### Data

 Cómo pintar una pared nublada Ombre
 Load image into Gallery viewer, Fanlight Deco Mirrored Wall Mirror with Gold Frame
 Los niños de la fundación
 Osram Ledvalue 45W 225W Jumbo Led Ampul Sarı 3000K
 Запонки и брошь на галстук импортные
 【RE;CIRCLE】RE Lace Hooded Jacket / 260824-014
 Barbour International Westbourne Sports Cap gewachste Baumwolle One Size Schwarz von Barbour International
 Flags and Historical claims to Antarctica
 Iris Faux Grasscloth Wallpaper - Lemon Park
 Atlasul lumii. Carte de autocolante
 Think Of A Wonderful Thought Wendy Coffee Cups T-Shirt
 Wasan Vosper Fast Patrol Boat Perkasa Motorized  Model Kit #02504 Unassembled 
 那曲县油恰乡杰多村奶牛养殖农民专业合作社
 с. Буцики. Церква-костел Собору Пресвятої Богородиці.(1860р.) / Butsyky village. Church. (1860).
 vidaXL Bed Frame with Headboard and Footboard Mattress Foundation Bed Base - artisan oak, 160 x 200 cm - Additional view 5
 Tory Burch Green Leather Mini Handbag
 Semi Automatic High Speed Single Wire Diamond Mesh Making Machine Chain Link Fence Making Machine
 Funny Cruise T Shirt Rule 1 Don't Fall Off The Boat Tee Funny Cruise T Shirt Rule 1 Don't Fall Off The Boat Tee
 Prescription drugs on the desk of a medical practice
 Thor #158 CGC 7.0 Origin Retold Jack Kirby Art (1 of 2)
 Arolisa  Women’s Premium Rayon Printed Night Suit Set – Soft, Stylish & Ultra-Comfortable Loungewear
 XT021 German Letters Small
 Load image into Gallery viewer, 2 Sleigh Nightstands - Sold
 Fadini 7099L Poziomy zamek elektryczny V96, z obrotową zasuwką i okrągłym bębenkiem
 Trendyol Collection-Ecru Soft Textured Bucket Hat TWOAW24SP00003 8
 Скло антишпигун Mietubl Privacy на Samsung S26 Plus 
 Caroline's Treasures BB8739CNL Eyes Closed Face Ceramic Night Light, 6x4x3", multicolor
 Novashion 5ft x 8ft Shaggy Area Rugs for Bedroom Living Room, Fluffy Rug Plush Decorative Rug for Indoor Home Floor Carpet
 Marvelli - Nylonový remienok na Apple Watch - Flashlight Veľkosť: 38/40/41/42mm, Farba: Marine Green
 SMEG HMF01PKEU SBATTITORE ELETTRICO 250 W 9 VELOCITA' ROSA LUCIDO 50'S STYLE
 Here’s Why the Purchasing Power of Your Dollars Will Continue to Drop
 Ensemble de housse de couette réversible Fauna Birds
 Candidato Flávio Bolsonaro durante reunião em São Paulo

### Task requirements
Could you transcribe the entries above word for word, from the line with "那曲县油恰乡杰多村奶牛养殖农民专业合作社" down to the line with "Boat Tee Funny", keeping both?

### Result for this exercise
 那曲县油恰乡杰多村奶牛养殖农民专业合作社
 с. Буцики. Церква-костел Собору Пресвятої Богородиці.(1860р.) / Butsyky village. Church. (1860).
 vidaXL Bed Frame with Headboard and Footboard Mattress Foundation Bed Base - artisan oak, 160 x 200 cm - Additional view 5
 Tory Burch Green Leather Mini Handbag
 Semi Automatic High Speed Single Wire Diamond Mesh Making Machine Chain Link Fence Making Machine
 Funny Cruise T Shirt Rule 1 Don't Fall Off The Boat Tee Funny Cruise T Shirt Rule 1 Don't Fall Off The Boat Tee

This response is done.